The National Comprehensive Cancer Network (NCCN) risk grouping system, which divides the intermediate-risk category into favorable and unfavorable subgroups based on Gleason score, prostate-specific antigen level, clinical T stage, and biopsy core data, is a useful but imprecise instrument. Kishan illustrates the problem with a concrete example: a patient whose distant metastasis risk falls from 20% to 10% with ADT gains an absolute benefit of 10 percentage points, while a patient whose risk falls from 2% to 1% gains only 1 percentage point—yet both patients experience the same relative risk reduction and would receive the same recommendation under a population-based guideline. This mismatch between population-level evidence and individual-level benefit is precisely what drives unnecessary ADT use.
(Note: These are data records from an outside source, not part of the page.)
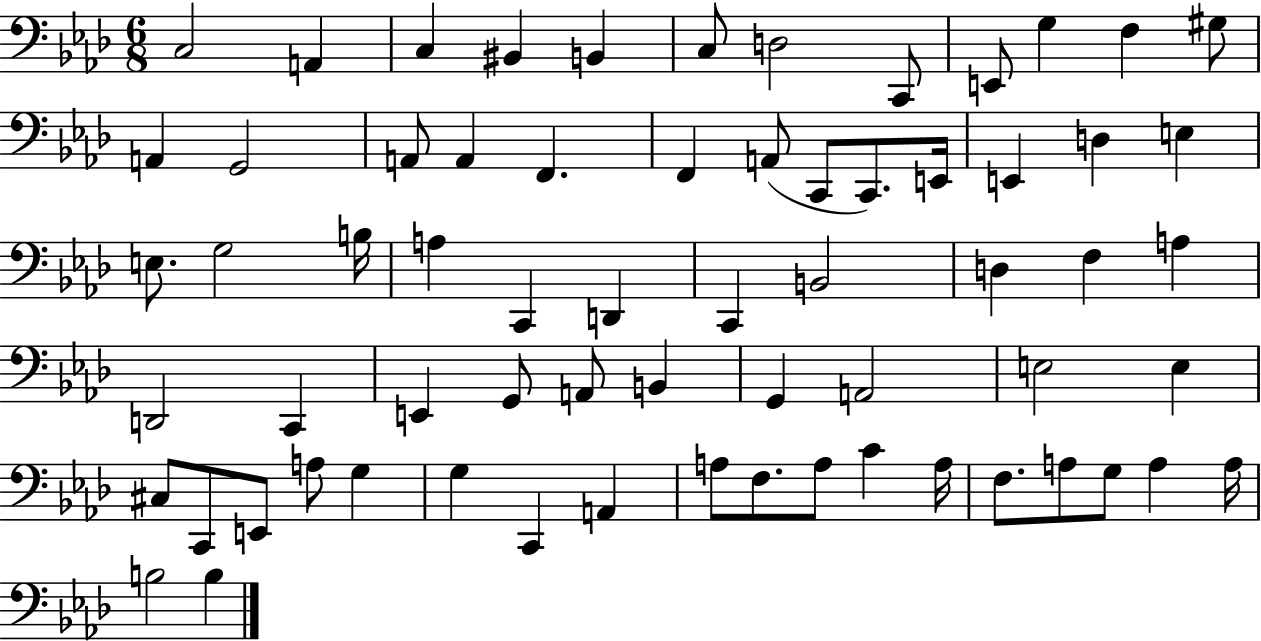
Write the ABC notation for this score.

X:1
T:Untitled
M:6/8
L:1/4
K:Ab
C,2 A,, C, ^B,, B,, C,/2 D,2 C,,/2 E,,/2 G, F, ^G,/2 A,, G,,2 A,,/2 A,, F,, F,, A,,/2 C,,/2 C,,/2 E,,/4 E,, D, E, E,/2 G,2 B,/4 A, C,, D,, C,, B,,2 D, F, A, D,,2 C,, E,, G,,/2 A,,/2 B,, G,, A,,2 E,2 E, ^C,/2 C,,/2 E,,/2 A,/2 G, G, C,, A,, A,/2 F,/2 A,/2 C A,/4 F,/2 A,/2 G,/2 A, A,/4 B,2 B,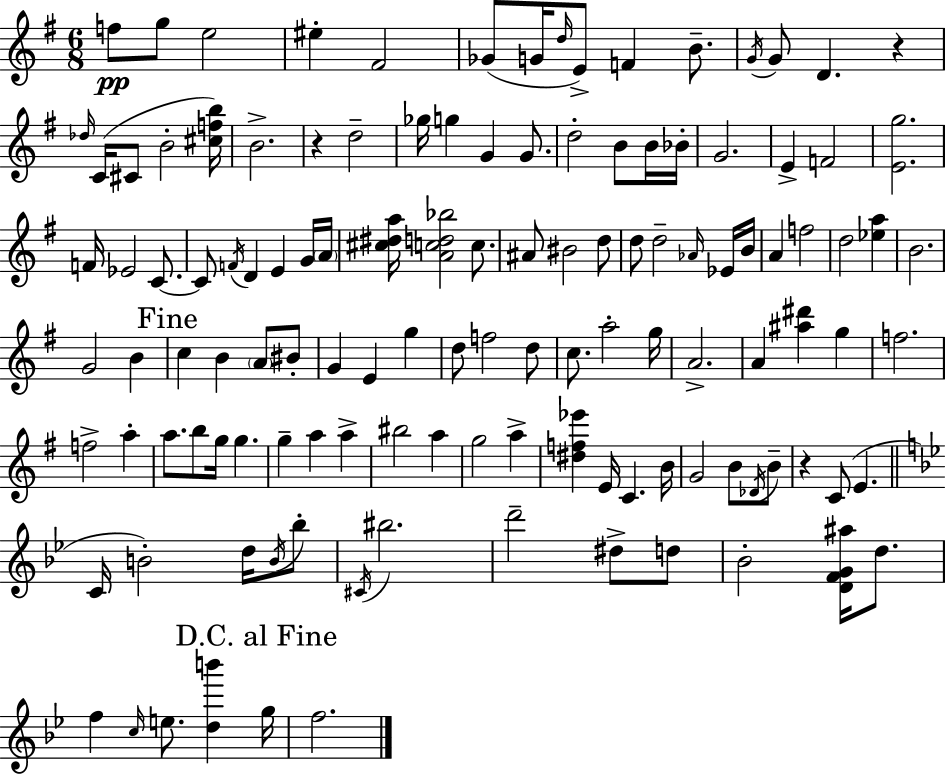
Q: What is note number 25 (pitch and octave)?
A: D5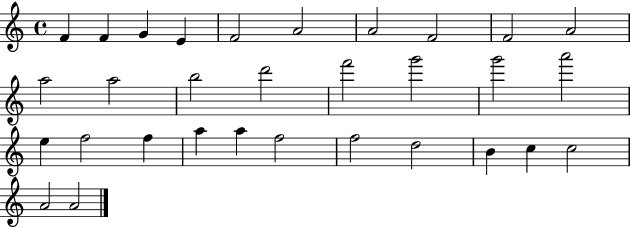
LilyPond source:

The segment also introduces the evaluative framework that underlies the ArteraAI test's development. Kishan distinguishes between prognostic biomarkers, which estimate the likelihood of disease progression independent of treatment, and predictive biomarkers, which estimate the magnitude of benefit from a specific therapy. He notes that most available prostate cancer biomarkers are prognostic, not predictive, and that establishing predictive value requires the methodological rigor of a prospective randomized controlled trial.